After 7 months since the beginning of the waste crisis in Lebanon, the Lebanese Eco Movement organized the “Waste Crisis Rescue Conference” at the UNESCO Palace, which focused on the legal aspect of the waste sector, the reasons behind the waste crisis, and its outcome, along with the available technical solutions. Environmental experts participating in the conference, however, stressed on sustainable environmental solutions.
The conference ended by declaring a “contingency plan to address the backlog of waste at a cost of $15 million within a period of 8 months, and daily waste at a cost of $35 million for the same duration.”
Conferees voiced strong objection to “all non-environmental, unsustainable proposals” and decided to form a special crisis cell, composed of representatives of civil society, unions, municipalities, university professors and industrialists, in addition to the Lebanese army, to address the waste problem.
A meeting is to take place with the ministerial committee to follow-up on the waste dossier by upcoming Tuesday the latest, and to work on a modern law that respects a hierarchy solution in addressing the trash issue.Conferees also called on environmentalists to “run for the upcoming municipal elections.”
Videographer: Idris Meliti, Video Editor: Ahmad Farhat
Seven months ago, the authorities shut the main landfill site for garbage from the capital, without providing an alternative. Since then, rubbish collection has halted and festering trash has piled up in the city streets, causing what researchers and campaigners now say is a public health emergency.
Untreated, unmanaged rubbish threatens the water supply, academics say. Hills of waste rise from makeshift dumps across the city and surrounding areas, including the banks of Beirut River just meters from where it meets the Mediterranean.

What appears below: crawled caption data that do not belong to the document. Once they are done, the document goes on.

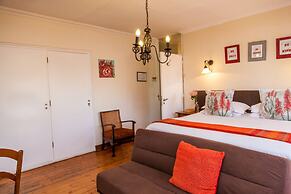 3@Marion Guesthouse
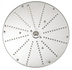 Thumbnail image #1 for Dito Sama 4 mm Stainless Steel Grating Disc, 300 mm Diameter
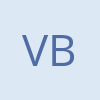 Vasilisa Baranova profile picture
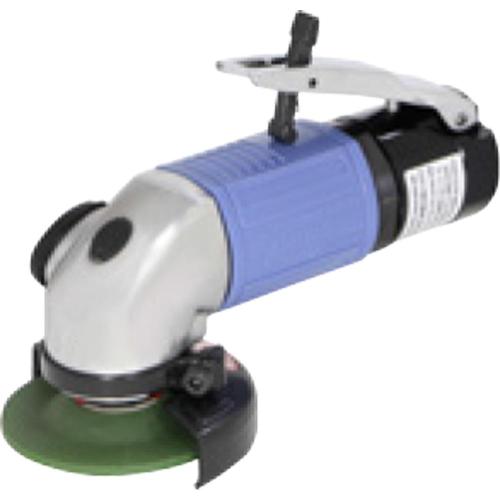 NITTO Air Angle Grinder MYG-25L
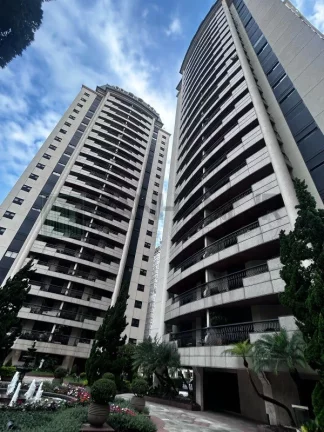 Imagem Apartamento à venda no Jardim Paulista, São Paulo-SP: 3 quartos, 3 suítes, 3 salas, 5 banheiros, 3 vagas de garagem, 184m².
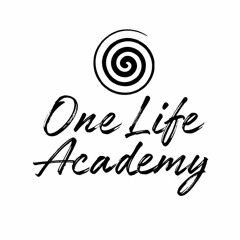 One Life Academy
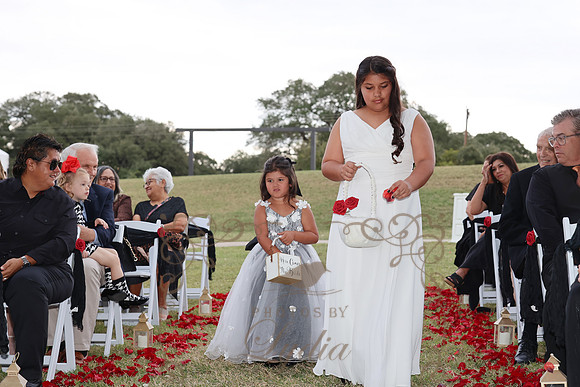 Ceremony-45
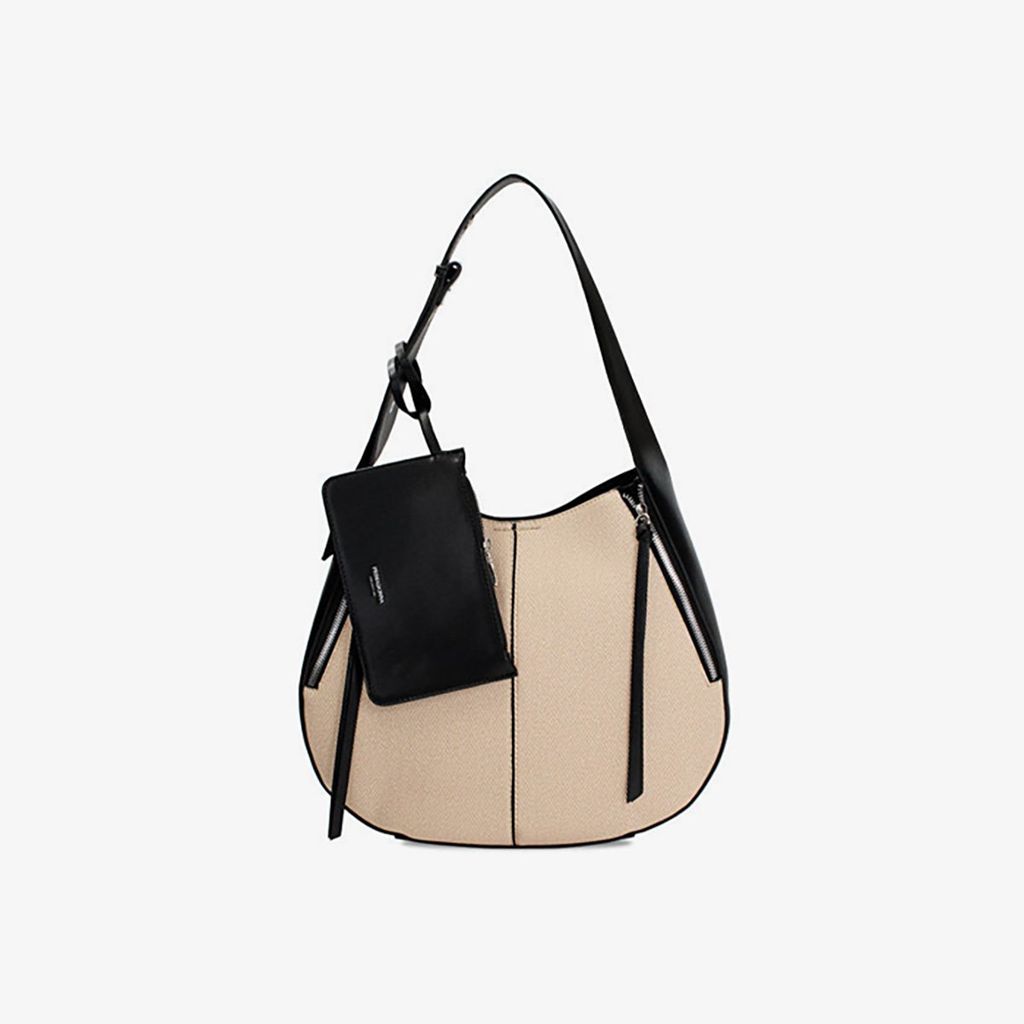 Túi Xách Nữ PRIMADONNA COLLECTION 85031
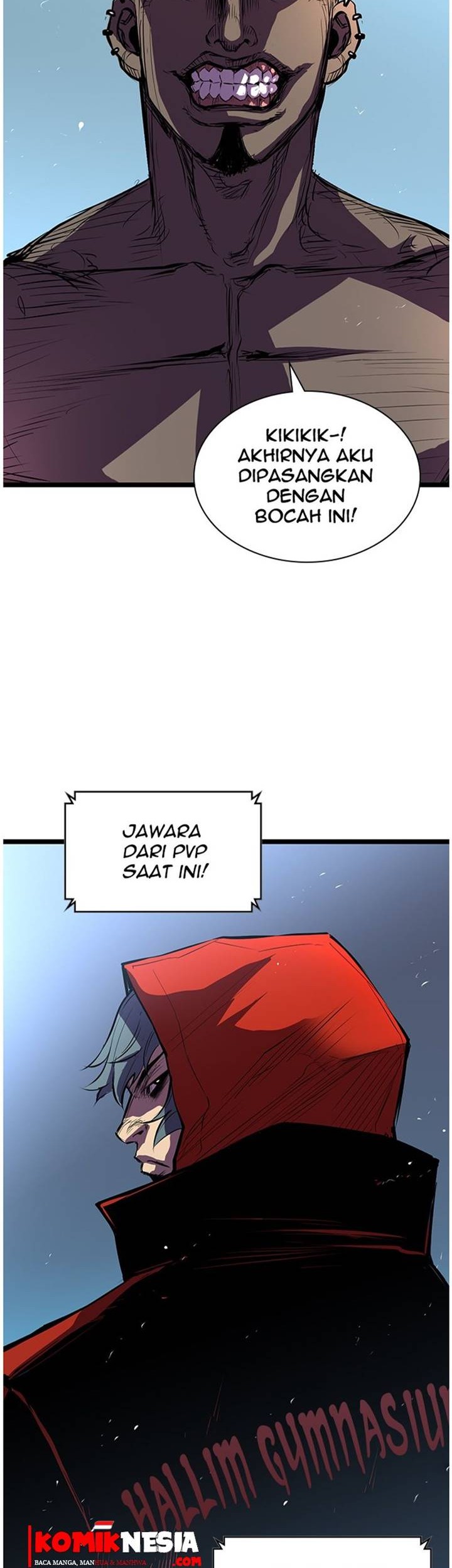 Halaman 73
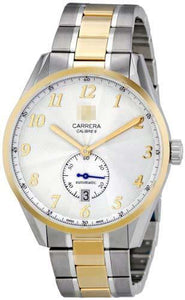 Custom Watch Dial WAS2150.BD0733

Garbage has been burnt, including in the normally lovely forests around Beirut, filling the air with foul smoke that contains dangerous levels of pollutants.
As waste burns, carcinogens in the air increase by at least 2,300 percent, and metals including lead and arsenic increase by 98-1,448 percent, a study by the American University of Beirut and the Lebanese National Council for Scientific Research (CNRS) found.
Seven months is a long time in waste management: the area produced around 3,000 tonnes of refuse a day before the crisis, meaning around 700 million tonnes of untreated trash has had nowhere to go.
A long-term recycling and waste management plan proposed by a committee of experts late last year failed to make it off the ground because communities rejected proposed new landfill sites.
greenarea.me interviewed a number of environmental experts, environmental engineers, and members of environmental organizations, and discussed the solutions mentioned in the conference, along with the extent of the readiness amongst the Lebanese to implement the environmental solutions.
Environmental expert, and greenarea.me consultant Dr. Naji Kodeih answered our question around the solutions that could really be implemented in Lebanon and not just discussed, by saying that “the real policy for waste management in Lebanon is only the landfilling and incineration or exportation”, adding that “these three options are the basis of the waste crisis in Lebanon.
“waste management should include recycling, composting, and finally sanitary landfilling for the remaining 10 or 20% of wastes generated in Lebanon. We are here to condemn the official policy of the government regarding waste management in Lebanon, which is destroying the environment and people’s health” he added.
Ajwad Ayyash, an activist from Al-Naameh Landfill campaign said : “Al-Naameh was never a landfill, it is a dumpsite”.
“Unfortunately, for 17 and a half years, about 20 million tons of all kinds of wastes were dumped in Al-Naameh, which is not very far away from my village Baawertah” he added.
Ayyash spoke bitterly of what it feels like to be in a place with a stinking smell in the air on a daily basis. “The smell is indescribable due to the variety of garbage thrown in that region. However, Al-Naameh residents, along with the residents of surrounding villages decided to close the dumpsite, with the support of the Lebanese Eco. Movement” he added.
Reduce, reuse, and recycle, the three R’s is the only solution that the activist believes will end Lebanon’s garbage crisis. Our garbage is only garbage when we do not use it, according to him. However, it is just “waste” when we manage it right”.
Environmental expert Bashir Abi Salloum and university professor Dr. Mirvat al-Hoz both said that we should separate hazardous wastes from household wastes, in order to prevent health dangers.
In conclusion, everyone wants, and is calling for sustainable solutions for the waste crisis in Lebanon, and the means to do it could be easily applied, but will the political decision be finally made according to Lebanon’s and the Lebanese’ interests, and not according to the politicians’ interests?